On November 28, 2018, the Massachusetts Supreme Judicial Court declined to extend the grounds to invalidate an appraisal under Massachusetts common law to include the appearance of bias on the part of the entity that employed the appraiser and instead invited parties to address the issue of appropriate impartiality requirements through a carefully negotiated agreement.
The SJC emphasized that parties are free to define the contractual terms regarding the appraiser’s obligations and the grounds for invalidating the appraisal.
The case is Buffalo-Water 1, LLC v. Fidelity Real Estate Company LLC (SJC 12487) (Nov. 26, 2018). The underlying dispute arose in connection with a repurchase option, which granted Fidelity the option to buy back a piece of commercial real estate that it had sold to Buffalo-Water in 2004. Fidelity exercised its option, but the parties could not come to an agreement regarding the property’s fair market value. Buffalo-Water’s appraiser valued the property at $36 million, while Fidelity’s appraiser valued it at $17 million. Therefore, the parties agreed to retain Cushman & Wakefield as a third appraiser. The Cushman & Wakefield appraiser submitted a valuation of $22.9 million accompanied by a Certification which the SJC noted said “We have no present or prospective interest in the property that is the subject of this report, . . . . no personal interest with respect to the parties involved,” and “no bias with respect to the property that is the subject of this report or to the parties involved with this assignment.”
After the Cushman & Wakefield appraiser submitted his valuation report, Buffalo-Water learned that before the parties engaged the appraiser, Fidelity had retained Cushman & Wakefield for a national representation contract. Buffalo-Water filed a complaint seeking to invalidate the appraisal, which was dismissed by the Trial Court. On appeal, the SJC transferred the case on its own motion and solicited amicus briefs, which were submitted by the Appraisal Institute and Massachusetts Board of Real Estate Appraisers, and by the Greater Boston Real Estate Board.
The well-settled rule set forth in Eliot v. Colter, 322 Mass. 86, 91 (1947) permits a court to modify an appraisal only if the principles and methods of valuation are found to be tainted by fraud, corruption, dishonesty or bad faith. The SJC, relying in large part on the absence of any allegation that the appraiser knew of the national contract, found no suggestion of such conduct.
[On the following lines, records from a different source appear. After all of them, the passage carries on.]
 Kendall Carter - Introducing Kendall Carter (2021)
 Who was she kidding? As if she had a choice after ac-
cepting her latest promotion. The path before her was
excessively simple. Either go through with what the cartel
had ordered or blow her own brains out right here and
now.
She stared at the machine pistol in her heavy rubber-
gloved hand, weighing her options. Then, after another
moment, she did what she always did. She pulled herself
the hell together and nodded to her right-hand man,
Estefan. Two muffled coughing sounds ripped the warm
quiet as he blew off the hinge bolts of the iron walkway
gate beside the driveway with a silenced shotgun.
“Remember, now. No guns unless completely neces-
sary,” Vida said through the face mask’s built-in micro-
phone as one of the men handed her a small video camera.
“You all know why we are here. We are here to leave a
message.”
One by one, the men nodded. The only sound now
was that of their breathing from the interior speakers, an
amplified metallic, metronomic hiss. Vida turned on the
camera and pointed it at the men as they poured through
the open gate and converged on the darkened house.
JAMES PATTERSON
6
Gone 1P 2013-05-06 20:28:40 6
Therefore, the SJC considered whether to modify this common-law rule and allow the court to invalidate an appraisal where there is the appearance of bias on the part of the entity that employed the appraiser. The SJC declined to do so and concluded that an appearance of bias alone is insufficient to invalidate an appraisal.
The SJC emphasized that parties are free to define the contractual terms regarding the appraiser’s obligations and the grounds for invalidating the appraisal. Here the Court found that the neither the engagement agreement nor the option agreement required the disclosure of the national agreement between Cushman & Wakefield and Fidelity. In particular, the conflict of interest provision in the engagement agreement was drafted only to protect Cushman & Wakefield should it withdraw from an assignment because of a conflict of interest. The Court also rejected Buffalo-Water’s argument that disclosure was required because the appraisal was to be conducted in accordance with the Uniform Standards of Professional Appraisal Practice and the Code of Ethics and Certification Standards of the Appraisal Institute. The Court found that these rules only referenced the individual appraiser, not the appraiser’s employer. The SJC suggested “just as the parties required the individual appraisers to have at least 10 years experience valuing greater Boston property, they could have required disclosure of any information concerning Cushman’s business dealings with Buffalo Water or Fidelity that might create an ‘appearance of bias,’ and agreed to invalidate the appraisal if such a disclosure was not made.” If the parties decline to include such provisions in their agreements, however, in light of this SJC ruling, any challenge to the valuation is unlikely to be successful absent allegations sufficient to plausibly suggest fraud, corruption, dishonesty or bad faith.